Check each line of the records for "payment"; collect those that have it.

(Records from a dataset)

==*==

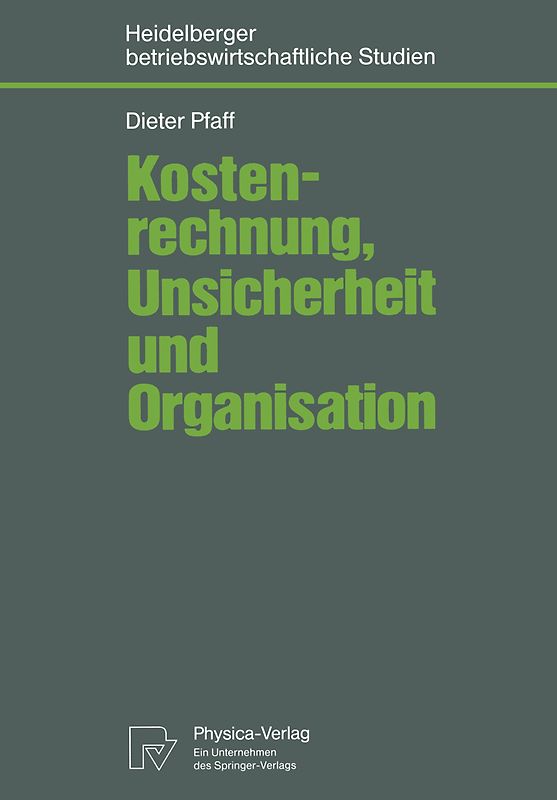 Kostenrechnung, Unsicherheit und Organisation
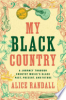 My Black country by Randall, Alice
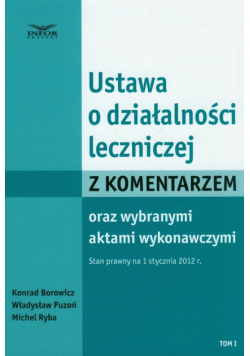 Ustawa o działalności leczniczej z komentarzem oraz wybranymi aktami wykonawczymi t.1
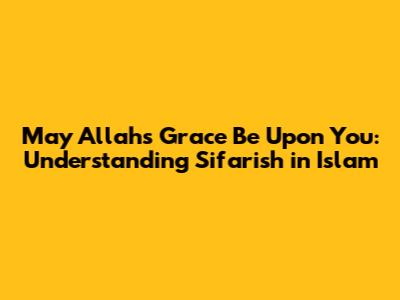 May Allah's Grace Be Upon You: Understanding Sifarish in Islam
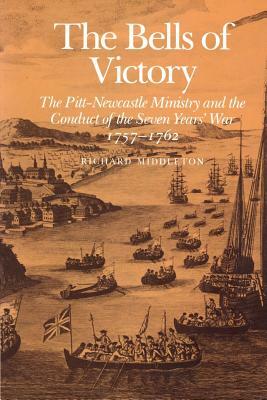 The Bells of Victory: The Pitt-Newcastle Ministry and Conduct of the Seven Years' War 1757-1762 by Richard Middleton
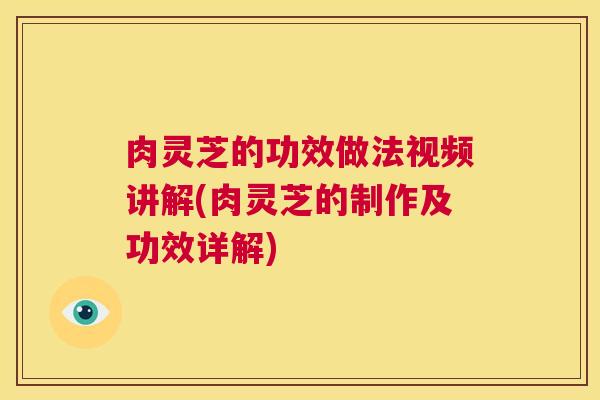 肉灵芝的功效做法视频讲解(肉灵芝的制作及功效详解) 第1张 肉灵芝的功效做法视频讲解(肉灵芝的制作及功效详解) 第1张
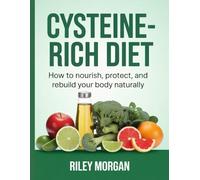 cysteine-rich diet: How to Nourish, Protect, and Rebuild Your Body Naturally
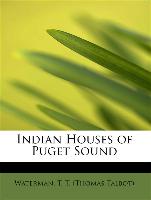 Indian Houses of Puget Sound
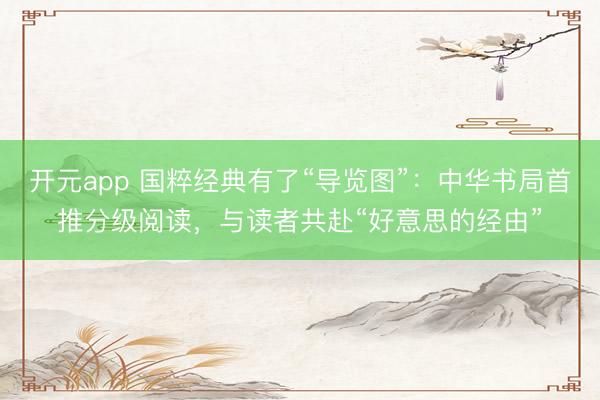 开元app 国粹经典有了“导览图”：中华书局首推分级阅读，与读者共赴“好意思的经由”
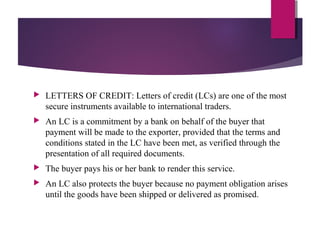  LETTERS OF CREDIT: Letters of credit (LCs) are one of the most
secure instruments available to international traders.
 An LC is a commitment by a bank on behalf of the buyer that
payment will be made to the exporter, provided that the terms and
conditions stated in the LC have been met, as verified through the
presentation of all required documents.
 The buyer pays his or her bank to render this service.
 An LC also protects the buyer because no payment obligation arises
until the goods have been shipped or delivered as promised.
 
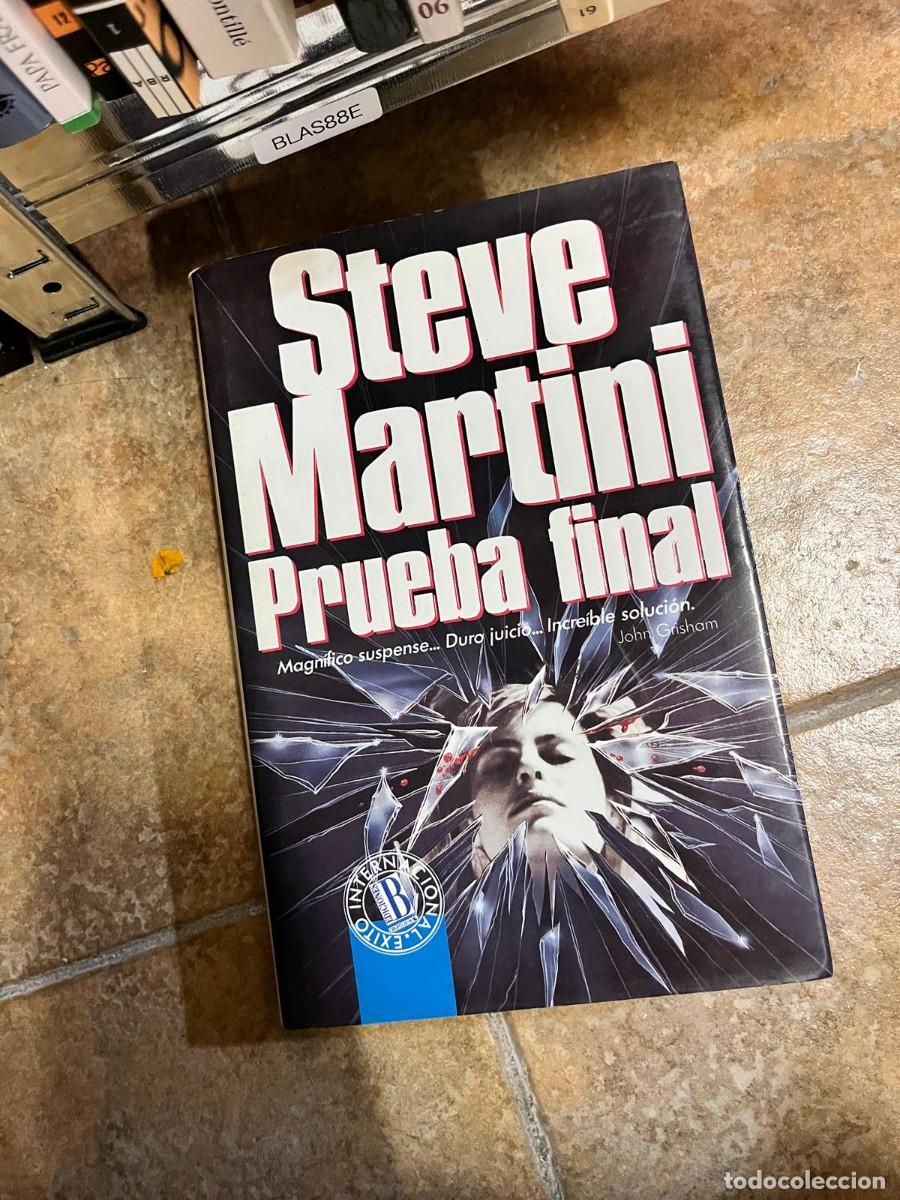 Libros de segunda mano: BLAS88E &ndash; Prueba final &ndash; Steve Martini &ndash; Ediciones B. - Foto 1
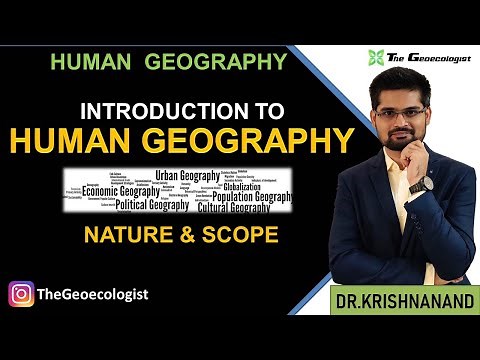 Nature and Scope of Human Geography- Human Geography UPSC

==*==

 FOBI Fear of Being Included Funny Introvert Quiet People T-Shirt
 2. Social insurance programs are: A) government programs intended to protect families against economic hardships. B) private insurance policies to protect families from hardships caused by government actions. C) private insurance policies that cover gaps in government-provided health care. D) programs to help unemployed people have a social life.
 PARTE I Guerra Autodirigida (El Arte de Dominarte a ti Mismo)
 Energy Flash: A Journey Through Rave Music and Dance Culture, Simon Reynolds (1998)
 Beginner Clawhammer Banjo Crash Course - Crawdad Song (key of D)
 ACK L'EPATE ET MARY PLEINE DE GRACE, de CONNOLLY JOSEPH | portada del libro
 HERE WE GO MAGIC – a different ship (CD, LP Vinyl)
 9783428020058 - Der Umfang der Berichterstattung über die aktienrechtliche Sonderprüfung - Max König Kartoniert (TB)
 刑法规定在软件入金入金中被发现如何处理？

==*==

**OUTPUT OF THE EXERCISE:**
payment will be made to the exporter, provided that the terms and
 An LC also protects the buyer because no payment obligation arises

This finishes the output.